Crawled caption data:
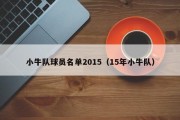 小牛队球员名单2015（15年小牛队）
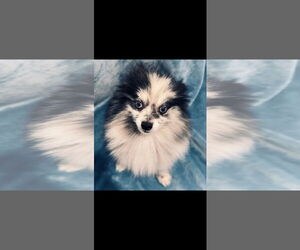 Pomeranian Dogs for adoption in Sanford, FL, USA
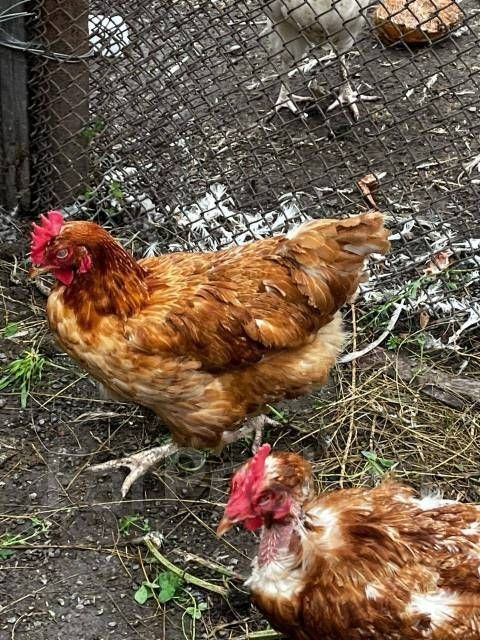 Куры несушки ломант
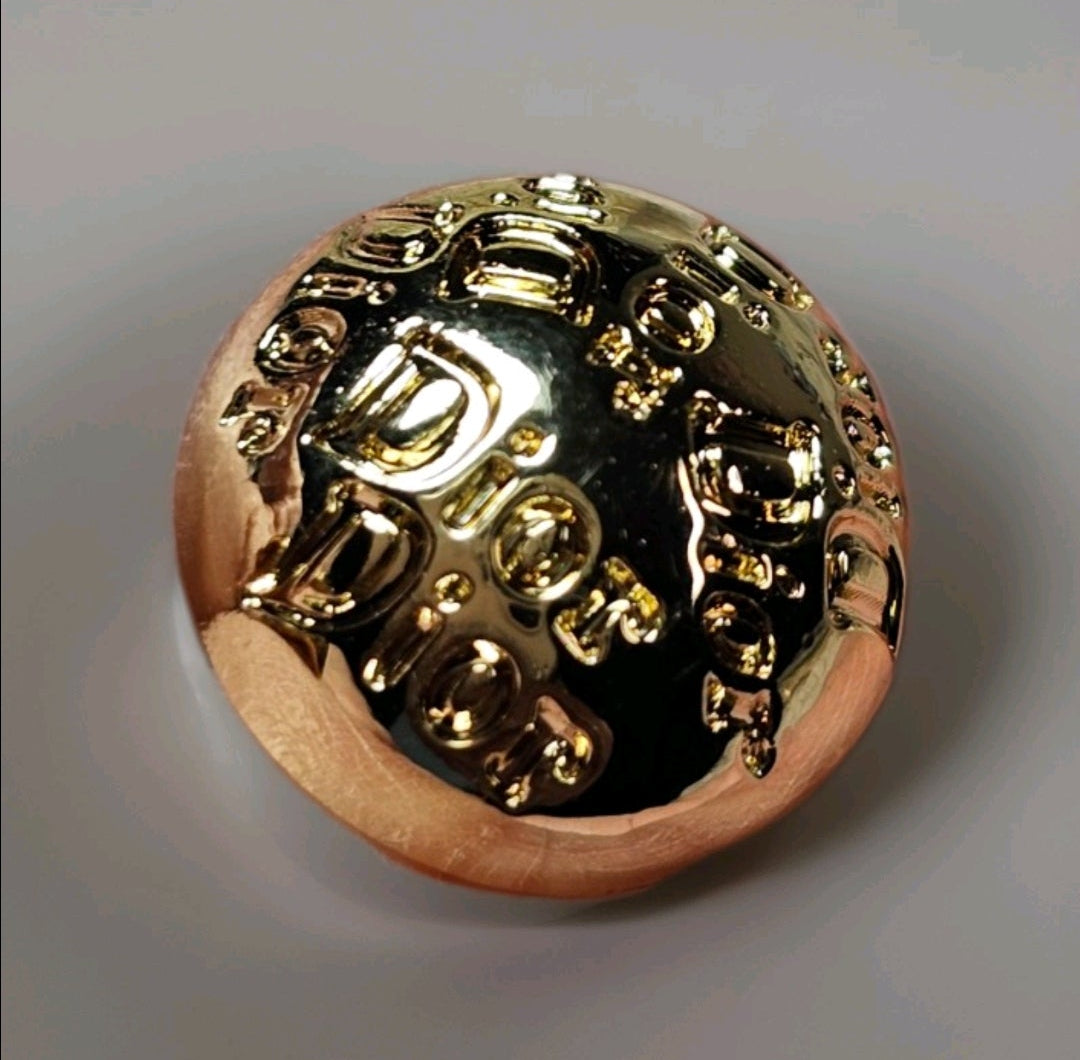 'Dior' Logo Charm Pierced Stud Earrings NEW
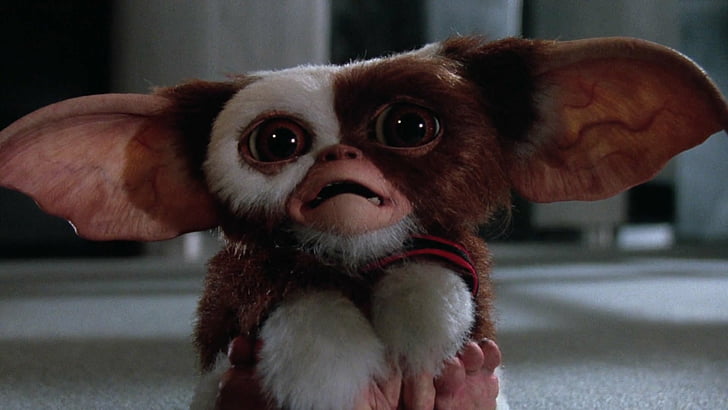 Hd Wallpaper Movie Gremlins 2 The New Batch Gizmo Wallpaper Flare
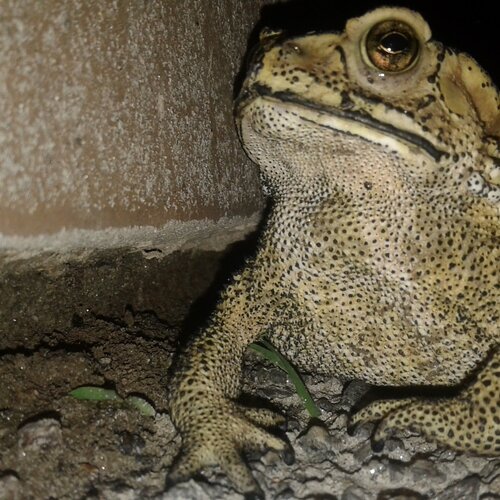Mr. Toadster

WHAT YOU WILL DO: The reply must contain every entry above, exactly as written, and none of the pictures.

FINISHED TASK:
 小牛队球员名单2015（15年小牛队）
 Pomeranian Dogs for adoption in Sanford, FL, USA
 Куры несушки ломант
 'Dior' Logo Charm Pierced Stud Earrings NEW
 Hd Wallpaper Movie Gremlins 2 The New Batch Gizmo Wallpaper Flare
Mr. Toadster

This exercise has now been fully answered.